# Tandem Hitch



## MajorClementine (Dec 2, 2015)

My two minis are about 9-10" different in height. Major is much shorter but a lot stockier than Clementine. Can I drive them as a tandem hitch? What different tack/equipment is needed for this type of hitch? Thanks!


----------



## Marsha Cassada (Dec 2, 2015)

There is some good information on former posts. Can you search the forum? I've tried this, but my horses were not suitable for tandem driving. Sure would be a good way to use both! Hope it works for you.


----------



## BSharpRanch (Dec 2, 2015)

I've driven tandem several times. My first tandem was a 44" Shetland gelding at the wheel and a 35" miniature stallion at lead. It was very challenging but fun!

My current tandem is a mini stallion at the wheel and a mini mare at lead! Challenging and fun!

To begin with, the stronger, better trained horse should be at the wheel, the more forward horse at lead. Both horses need to be pretty well trained. For harness when begining you can use two single harnesses, adding a bit of baling twine to the traces to give a little extra room between the horses. You will also need a set of long reins to reach your lead horse. To begin with you may want to just use two lengths of rope for your lead reins.

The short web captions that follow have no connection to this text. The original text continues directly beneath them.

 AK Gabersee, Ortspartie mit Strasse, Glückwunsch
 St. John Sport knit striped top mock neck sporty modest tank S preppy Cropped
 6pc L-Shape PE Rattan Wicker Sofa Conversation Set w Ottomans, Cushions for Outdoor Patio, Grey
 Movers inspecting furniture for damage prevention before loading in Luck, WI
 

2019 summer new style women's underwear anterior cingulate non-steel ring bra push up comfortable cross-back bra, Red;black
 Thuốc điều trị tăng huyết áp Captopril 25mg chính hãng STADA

Please, please, please, have some help when you are driving tandem, at least till you and the horses figure it out as things can get ugly pretty quick with a tandem.


----------



## MajorClementine (Dec 2, 2015)

I'm still working with Major on his driving so the tandem thing will be next fall at best. I've wanted a team since it opens up a larger array of vehicles and hadn't even thought about tandem until now. I'd like to be able to use the two horse I have rather than adding to the herd.

I would like to try ground driving them in tandem this spring first and see how things go from there. Both horses have their strong points so as Major's training progresses I'll keep in mind your tips for which horse should lead and which should be at the wheel.

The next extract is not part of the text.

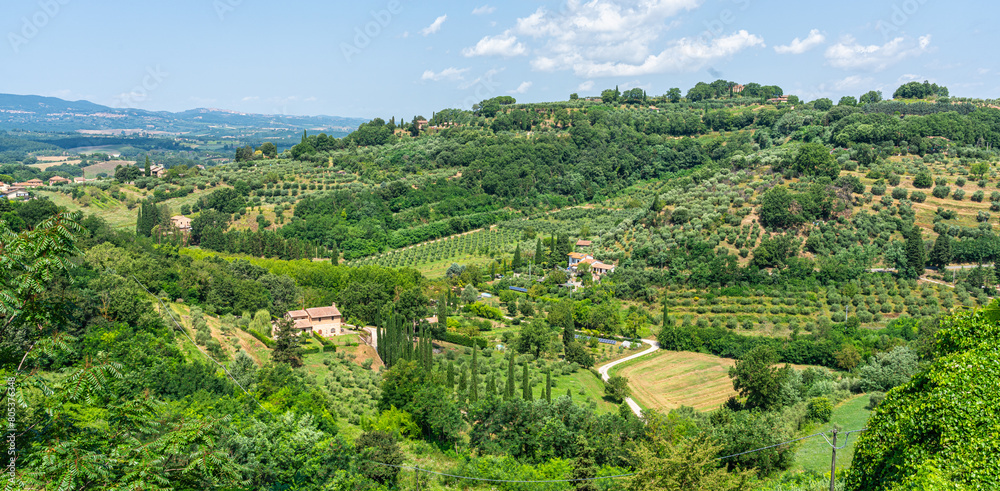 Wall mural Scenic sight in the beautiful tuscan town of Chiusi, in the Province of Siena, Tuscany, Italy.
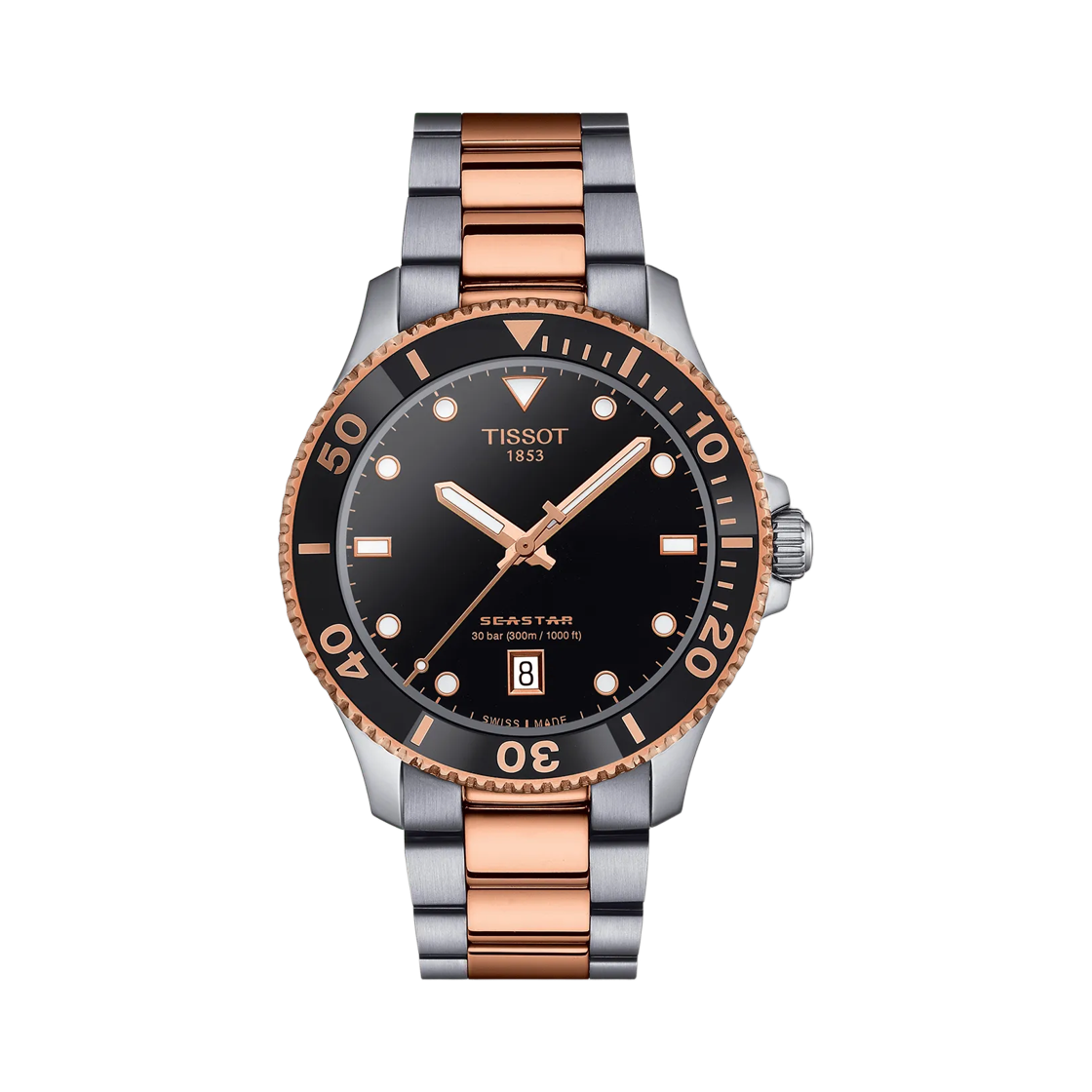 T1204102205101 Tissot Seastar 1000 Quartz 40mm Stainless Steel Rose Gold Black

I promise to have help moving forward on this. I'd really rather not injure myself or my horses. My husband is a great help when it comes to driving the minis (not to mention he's a good sport about my hobby).


----------



## BSharpRanch (Dec 3, 2015)

*My Hubby too! Why I'm up to 6 on my wagon!*


----------



## MajorClementine (Dec 3, 2015)

My 5 year old saw an 8-up of minis at a draft horse show we attended this summer. He was pointing to them with a look of concentration on his face. When I asked what he was doing it turned out he was counting since his reply was "Mom! We just need 6 more minis!" 

6 is a very impressive hitch. Are they all fairly close in size or do you more make sure your pairs are close in size?


----------



## paintponylvr (Dec 3, 2015)

Wow, 9-10" different in height? And still both minis?

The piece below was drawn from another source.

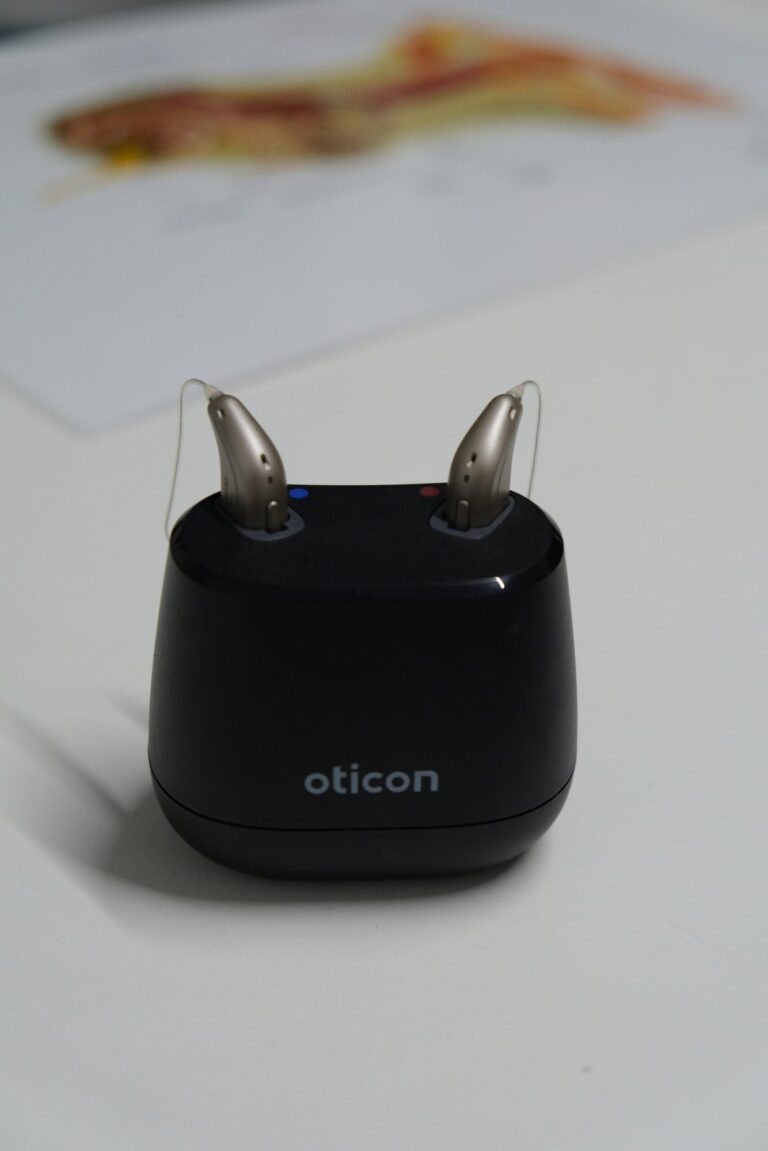 Hearing aids in a charging case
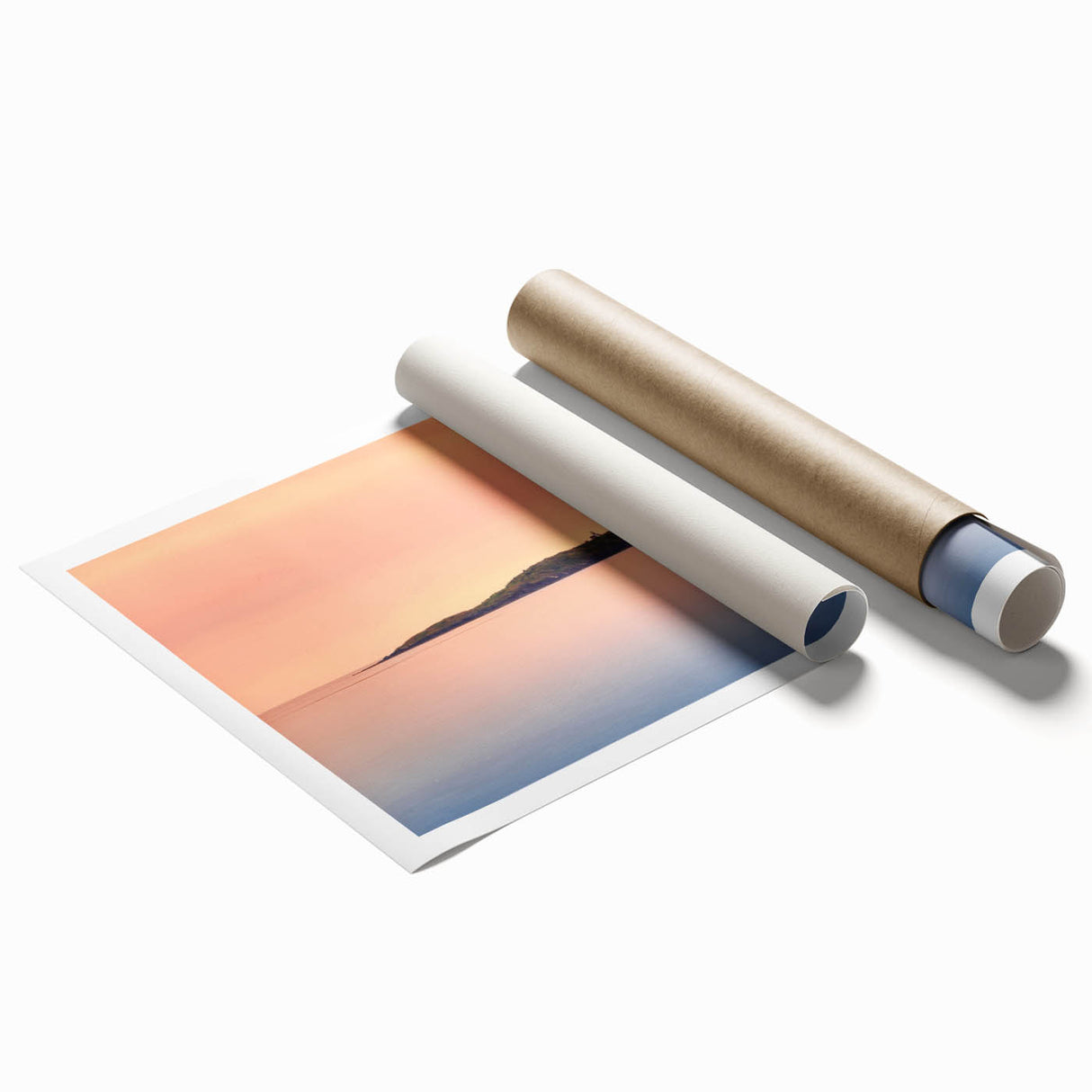 Extra large rolled print of Maine scenery with vibrant floral elements, ideal for classy bathroom wall art.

I've seen and heard of many different size pairs being driven together but when I now go search for pics/images - guess what I can't find!

Here is a vid of a pair - Horse w/ Shetland pony - Barry Hook

Here is a website for driving pairs and there are pics of tandem driving - Driving Pairs

I think between 2008 and 2011 - there were a lot of write ups here on LB about driving tandems. Both had detailed info on how they attached the lead horse to the one hitched to the cart and how they did the lines and what they would do different. Both had lots of pics! I haven't been able to get the search feature to go back past 2013 lately, so I have NO IDEA how to access that now.

O, now I can't get the search feature to go back past my own posts of mid - 2014!! ARRRGH...


----------



## BSharpRanch (Dec 3, 2015)

*My smallest mini on the hitch is 30", the largest is 33". So pretty evenly matched. I team up my pairs my attitudes, work ethics, strengths, weaknesses...I let them choose their spots. *

My wheel pair is a father/daughter pair, both calm, strong and obedient. My swing pair are followers, definitely not leaders. My leaders are very forward and energetic and seem to like being out front!


----------



## MajorClementine (Dec 22, 2015)

paintponylvr said:


> Wow, 9-10" different in height? And still both minis?
> 
> I've seen and heard of many different size pairs being driven together but when I now go search for pics/images - guess what I can't find!
> 
> ...


Major is 29" and Clementine barley eeks in under the class B max of 38"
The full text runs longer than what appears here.